-------- Data for processing --------

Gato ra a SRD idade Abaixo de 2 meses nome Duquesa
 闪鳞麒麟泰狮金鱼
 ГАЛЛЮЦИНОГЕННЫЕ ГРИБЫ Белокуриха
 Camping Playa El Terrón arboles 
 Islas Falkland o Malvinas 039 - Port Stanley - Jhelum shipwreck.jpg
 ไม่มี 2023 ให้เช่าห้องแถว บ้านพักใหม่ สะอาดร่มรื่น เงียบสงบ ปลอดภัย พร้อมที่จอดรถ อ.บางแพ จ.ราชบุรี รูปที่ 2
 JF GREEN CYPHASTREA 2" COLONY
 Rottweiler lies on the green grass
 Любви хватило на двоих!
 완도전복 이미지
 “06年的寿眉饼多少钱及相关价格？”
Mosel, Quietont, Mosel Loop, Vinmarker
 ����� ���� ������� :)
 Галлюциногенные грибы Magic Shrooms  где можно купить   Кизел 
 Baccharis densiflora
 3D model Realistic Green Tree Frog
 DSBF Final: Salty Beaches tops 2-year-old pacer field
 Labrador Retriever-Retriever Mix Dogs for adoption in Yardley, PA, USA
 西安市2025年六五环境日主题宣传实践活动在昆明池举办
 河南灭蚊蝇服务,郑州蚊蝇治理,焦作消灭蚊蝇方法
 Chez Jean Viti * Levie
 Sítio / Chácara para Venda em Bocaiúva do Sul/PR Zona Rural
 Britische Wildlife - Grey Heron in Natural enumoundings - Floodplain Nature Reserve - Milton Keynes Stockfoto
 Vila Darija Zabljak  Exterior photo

--------

What to do = The line containing "Baccharis densiflora" opens the range, and the last line of the entries closes it; copy that range exactly.

Solved problem =
 Baccharis densiflora
 3D model Realistic Green Tree Frog
 DSBF Final: Salty Beaches tops 2-year-old pacer field
 Labrador Retriever-Retriever Mix Dogs for adoption in Yardley, PA, USA
 西安市2025年六五环境日主题宣传实践活动在昆明池举办
 河南灭蚊蝇服务,郑州蚊蝇治理,焦作消灭蚊蝇方法
 Chez Jean Viti * Levie
 Sítio / Chácara para Venda em Bocaiúva do Sul/PR Zona Rural
 Britische Wildlife - Grey Heron in Natural enumoundings - Floodplain Nature Reserve - Milton Keynes Stockfoto
 Vila Darija Zabljak  Exterior photo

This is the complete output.